Born in the Chicago suburb of Wilmette, Ill., he attended Loyola Academy and now lives in Phoenix. Giles was born in Elk Grove Village, Ill. and also resides in Phoenix.
“I used to wear a customized Kelly Gruber jersey to high school,” Papas said. “And Cubs fans would say ‘Kelly Gruber sucks!” or ‘Who is Kelly Gruber?’”
The first game Papas ever saw at the SkyDome was July 5, 1989, the 16th game that the Jays played in their new building after leaving Exhibition Stadium. Gruber doubled off starter Dave Johnson.

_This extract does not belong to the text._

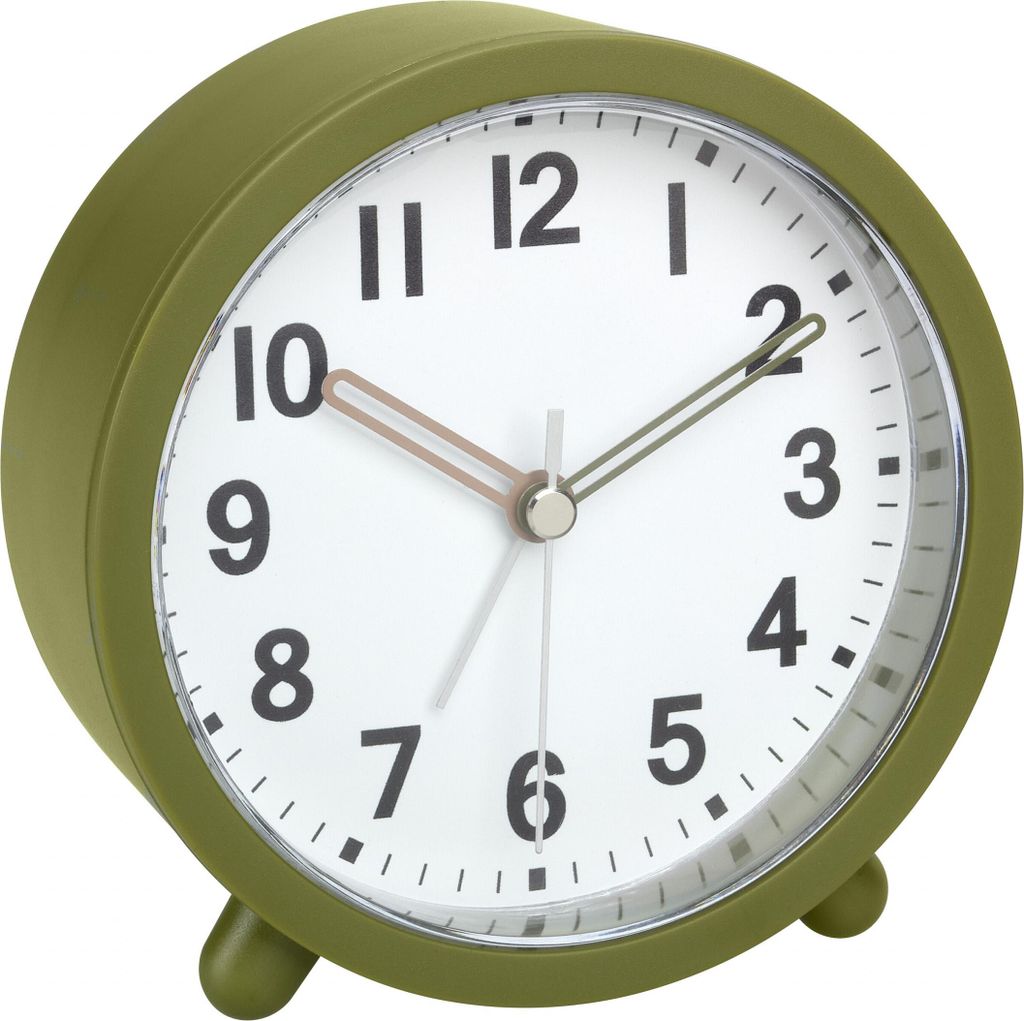 TFA 60.1043.04 Quarz Wecker Oliv Grün Alarmzeiten 1 Produktbild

“I just fell in love with the dome, remember you could get $4 tickets, go to Dominion stores and get the $2 off coupon and for 20 bucks you could load the station wagons and 10 kids could get it.”
Randy Milligan singled in a run and next came doubles by Bob Melvin and Craig Worthington for a four-run third inning and a 5-0 lead against Jimmy Key. Baltimore eventually won 5-4.
That 16th game in the history of the Jays taking their games indoors might rank in among the top 10 games in history. Left fielder George Bell caught the ball in left field, crashed into the fence ... and dropped the ball, leading to boos from 49,239. After the game I approached Bell and he declined to talk.
However moments later Allan Ryan approached Bell and he told Ryan, “Those fans can kiss my purple ass.”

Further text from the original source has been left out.